WELTPREMIERE »Liebschaften und Greuelmärchen«

Das Buddenbrookhaus in Lübeck zeigt ab Sonntag, als weltweit erstes Museum, in einer Ausstellung die Bleistiftzeichnungen von Heinrich Mann.

»Heinrich Mann war keine künstlerische Doppelbegabung. Der Wert der Zeichnungen liegt darin, dass sie sein literarisches Werk ergänzen, seine politische Tätigkeit in anderem Licht erscheinen lassen und den Blick auf sein Spätwerk lenken«, sagt Petra Schotte vom Lübecker Buddenbrookhaus, Sitz des Heinrich-und-Thomas-Mann-Zentrums.
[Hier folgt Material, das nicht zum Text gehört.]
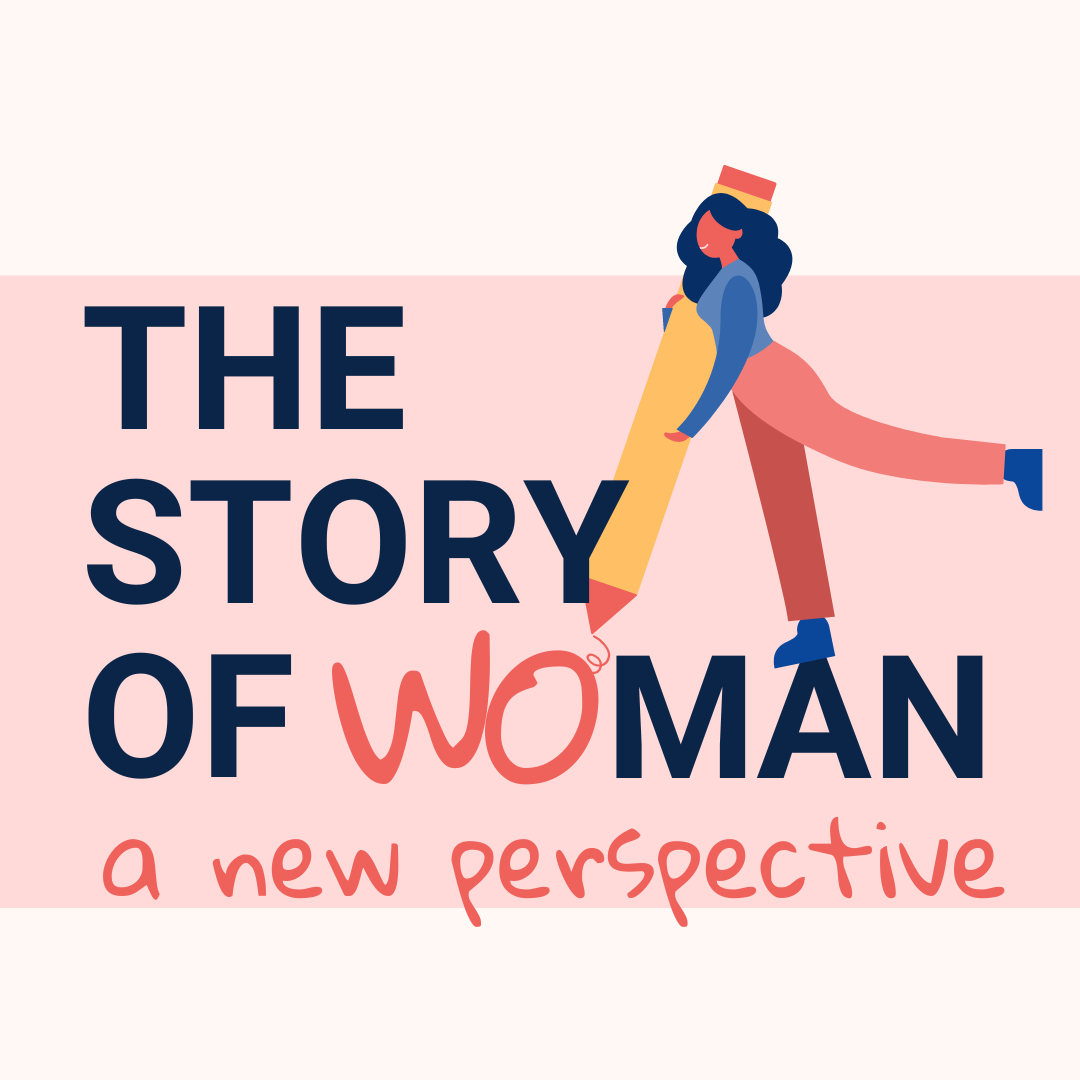 Podcast | The Story of Woman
Die 150 Bleistiftzeichnungen Heinrich Manns (1871-1950) zeigen groteske Gesichter und sind von eher mäßiger zeichnerischer Qualität. Dennoch gelten diese Zeichnungen als künstlerische Sensation, denn bis 1995 wusste niemand etwas von ihrer Existenz.
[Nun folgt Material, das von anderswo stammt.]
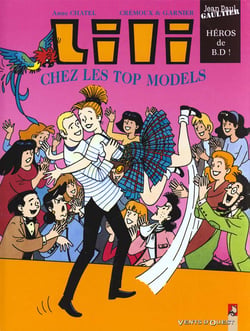Les nouvelles aventures de Lili t.1 - Lili chez les top-models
Vom 26. August bis zum 28. Oktober zeigt das Buddenbrookhaus, als weltweit erstes Museum, die Zeichnungen in einer Ausstellung mit dem Titel »Liebschaften und Greuelmärchen«.

Zu sehen sind rund 70 der 150 Zeichnungen, die in den Jahren von 1940 bis 1950 im amerikanischen Exil entstanden sind. Sie zeigen meist »dicke, nackte Weiber«, üppige Frauen in derben Varietée- und Bordellszenen, wie Heinrichs Bruder Thomas Mann nach dessen Tod am 12. März 1950 in einem Tagebuch vermerkte, aber auch politische Karikaturen von ätzender Schärfe, Illustrationen zu Werken Voltaires und zu eigenen Arbeiten.
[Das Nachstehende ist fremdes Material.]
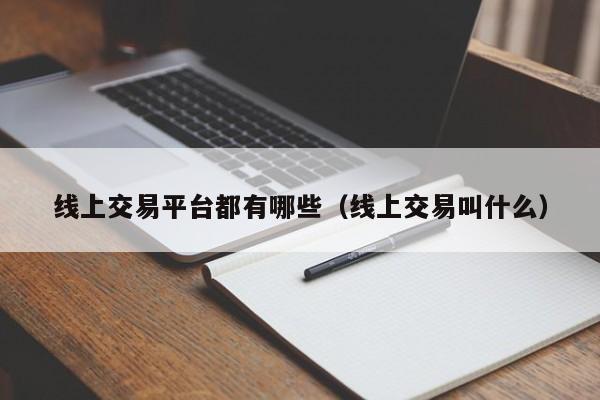 线上交易平台都有哪些(线上交易叫什么)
Die Ausstellungs-Weltpremiere ist dem Journalisten Volker Skierka zu verdanken. »Es war eine bewegende, kaum für möglich gehaltene senationelle Entdeckung«, schreibt Skierka in seinem zur Ausstellungseröffnung erschienenen Buch »Liebschaften und Greuelmärchen. Die unbekannten Zeichnungen von Heinrich Mann«.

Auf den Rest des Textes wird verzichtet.